Scholars view the film differently due to the openness or ambiguity of the film. The author of A Certain Realism: Making Use of Pasolini’s Film Theory and Practice, Maurizio Viano, says that in order to understand the film there must be “adequate translation.” Most scholars' writing about the film does not discuss Pasolini’s cinematographic techniques but Pasolini’s philosophical arguments. Viano argues that Pasolini intended to be theoretical in this film because he wanted to be recognized as “a film theorist.”
[edit] Etymology of the Title and the Film's Structure
Teorema means theorem in Italian. Its root comes from a Greek word theorema meaning “spectacle”, “intuition”, and “theorem.” Viano suggests that the film should be considered under the theory of spectatorship because each family member gazes at the guest and his loins.

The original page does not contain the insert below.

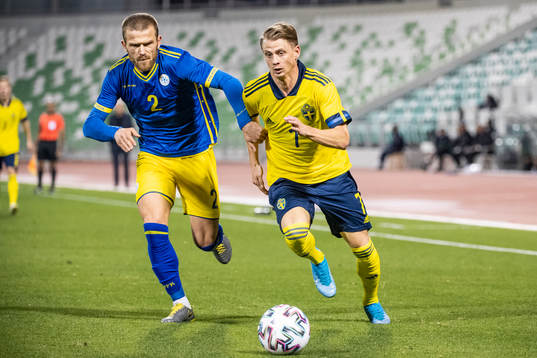 Armend Thaqi of Kosovo and Simon Hedlund of Sweden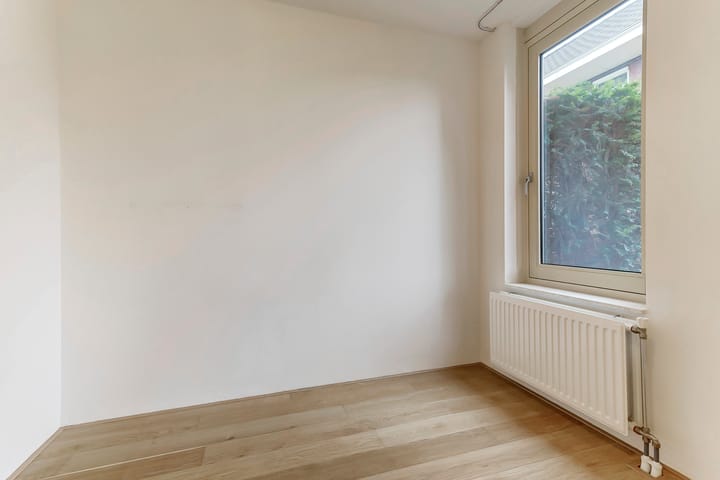 Foto 11 van Warmoeshof 38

As a term, theorem is also often considered as mathematical or formulaic. In this sense, the film also contains a programmatic structure. First of all, the film starts with documentary-like images. Then, it moves on to the opening credit with a dark volcanic desert, a home party scene, cuts of the factory in sepia tone, introduction of each family member in silence and sepia tone, then, the guest sitting in the back yard in color. The middle section is divided into three: “seductions”, “confessions” and “transformations”.
Not only is the film's structure formulaic, but so is the psychological development of each character. The way each character changes their state of mind is the same. They all fall into a sexual desire for the guest. They all have sex with him. When the guest leaves, they all, except the maid, confess to him how they feel about themselves. After he leaves, they lose the identity they had before. The daughter succumbs to a rigid psychosis. The son psychotically paints his desire for the guest. The mother picks up young men who resemble the guest and has sex with them. The father strips down in the middle of the train station. The maid goes back to her village and performs miracles but asks to be buried. They all go through “seductions,” “confessions” and “transformations.”
[edit] Cinema Scholars' Interpretations
The common interpretation by scholars is that the film is a commentary on the bourgeois society and emergence of consumerism through the very beginning of the film. The reporter asks a worker of Paolo’s factory if he thinks there will be no Bourgeois in the future. Because of industrialization and the advancement of technology, working-class people are able to find employment. The more they find jobs, the less they face the class struggle. The more they earn money, the more they consume.
There is another way to look at the interview scene. In The Cinema of Economic Miracles: Visuality and Modernization in the Italian Art Film, Angelo Restivo assumes that Pasolini suggests that even documentary images, which depict facts, fail to show the truth. News can tell the audience only the surface of the events they broadcast. Only by watching the interview of the workers does not tell why Paolo, the owner of the factory gave away the factory. That might be one of the reasons the scene is set in the beginning of the film.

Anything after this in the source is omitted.